Toutefois, on pourrait aussi identifier chez notre théologien certains points plus problématiques pour une pensée contemporaine qui chercherait à articuler entre elles spiritualité, santé et décoïncidence. Par exemple, lorsqu’au nom de l’unité et de l’harmonie du vivant il nous propose l’idée d’une guérison de la maladie qui serait, comme l’affirme Jean Richard, « l’actualisation fragmentaire, ambiguë et anticipatrice du salut cosmique[37] » (et donc une participation à ce dernier), il semble nous entraîner, sans doute bien involontairement, vers une forme plus ou moins subtile d’ésotérisme qui peut difficilement être soutenue et défendue comme étant crédible au sein de la communauté scientifique et médicale. Par ailleurs, on est aussi en droit de s’interroger sur la pertinence contemporaine de son approche ontologique en matière de santé, comme l’illustre par exemple sa réception de la psychanalyse, qui serait selon lui à articuler au registre de l’essence et de l’essentiel, registre qui agirait dès lors comme une sorte d’horizon normatif vers lequel nous serions implicitement appelés à coïncider[38]. Enfin, l’insistance tillichienne sur les idées d’harmonie, de réconciliation[39], de réunion[40] et de pacification, nous semble parfois faire écho à une certaine automaticité du lien entre spiritualité et bien-être, qui pourrait aussi être creusée et questionnée, par exemple à partir de la compréhension que l’on peut avoir de la spiritualité comme pratique de l’écart, de l’intranquillité ou de la décoïncidence.

Conclusion

Pour conclure, nous voudrions simplement retracer en quelques mots le chemin parcouru : nous avons d’abord situé le cadre théorique depuis lequel nous menons actuellement nos recherches (une pensée de la décoïncidence).

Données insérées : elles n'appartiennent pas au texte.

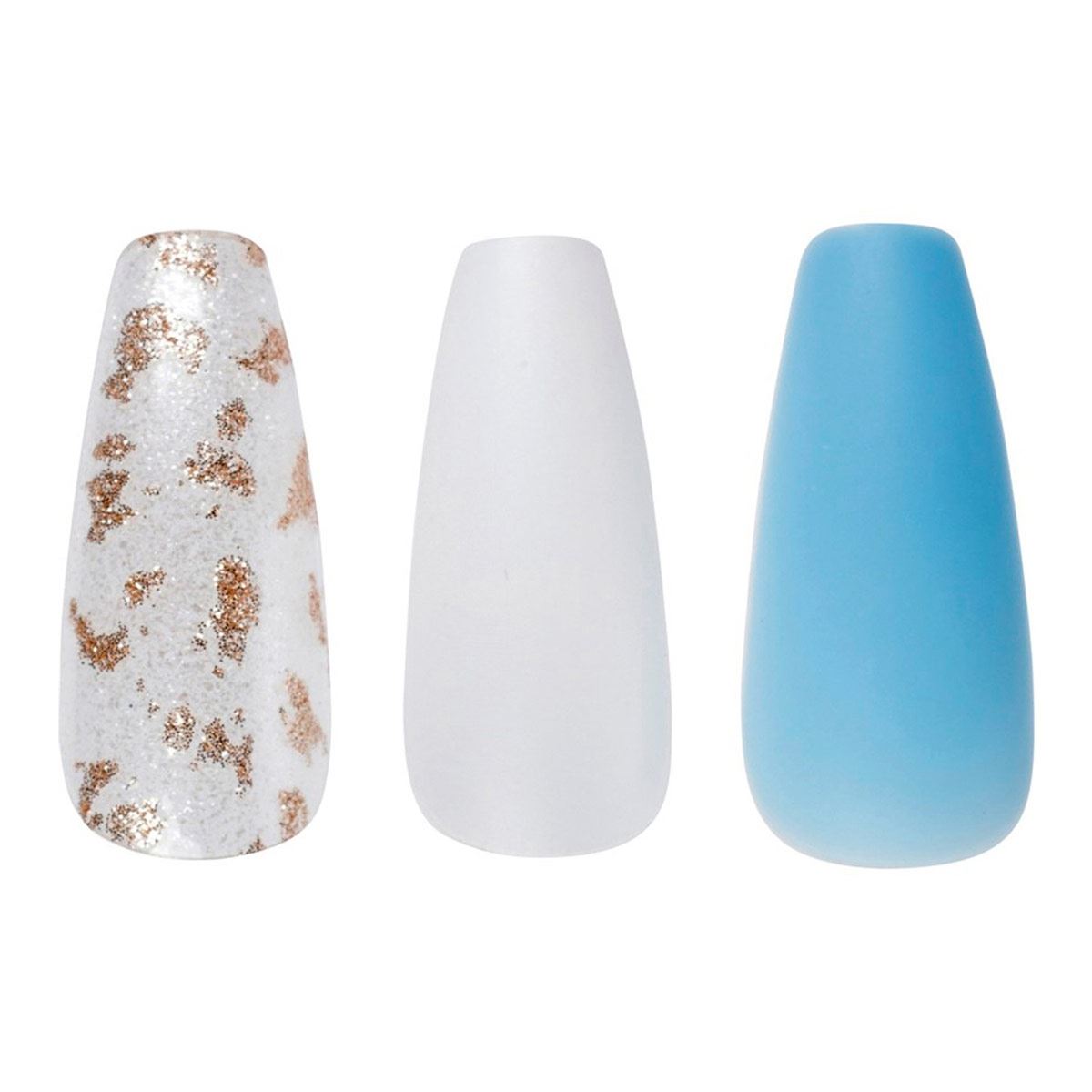 Kit U&ntilde;as Postizas Medium Coffin Azul/Blanco con detalles Dorados 24 piezas image number null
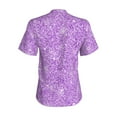 thumbnail image 6 of Zufioo Lilac Glittering Print Women's Classic V-neck T-shirt, V-neck Short-sleeved Tops Home Wear, Suitable for Daily Life, Work, Outdoors-Small, 6 of 8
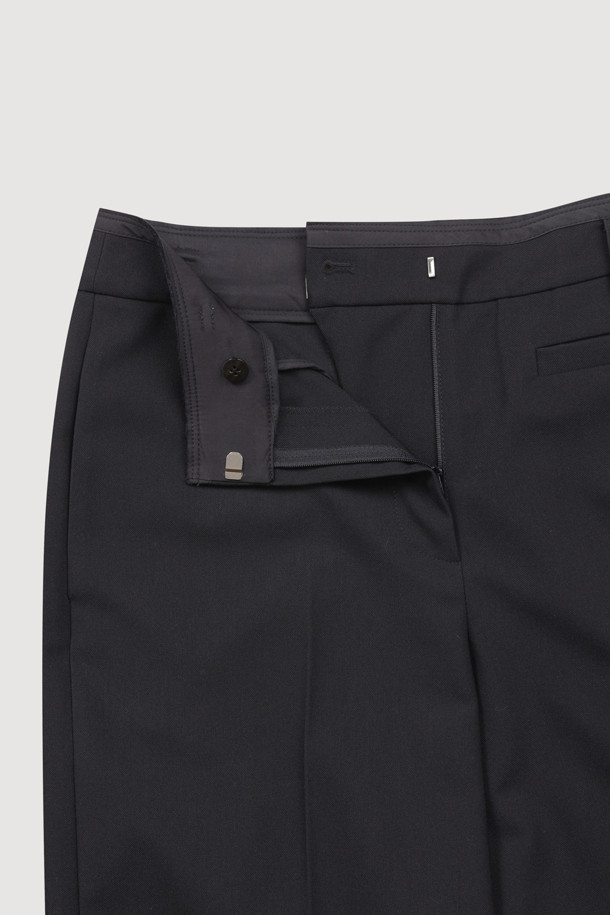 LUCKY CHOUETTE - 롱/미디팬츠 - [Atelier] Solid Turn-up Pants (black)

Dans un second temps, nous avons tenté de faire se rencontrer cet horizon de la décoïncidence et l’univers des pratiques médicales à travers la problématique de la déshumanisation/humanisation des soins, que nous avons liée à une meilleure prise en compte de la dimension du langage et de l’énonciation du patient, à laquelle l’introduction de la dimension spirituelle dans l’univers médical pouvait participer. Dans les deux cas, l’enjeu est bien en effet de réintroduire de la décoïncidence et de l’écart dans le champ médical, et donc de l’humanisation dans le soin apporté au patient. Quant à l’approche tillichienne de la santé, nous l’avons volontairement située comme chantier ouvert aux confins de ces débats, en essayant de montrer combien l’étude de sa pensée, encore exploratoire sur ce sujet dans le monde francophone, pouvait à la fois être extrêmement stimulante pour penser l’articulation théorique de la santé, de la décoïncidence et de l’humanisation, mais aussi combien elle pouvait être retravaillée et redéployée à partir de coordonnées plus contemporaines.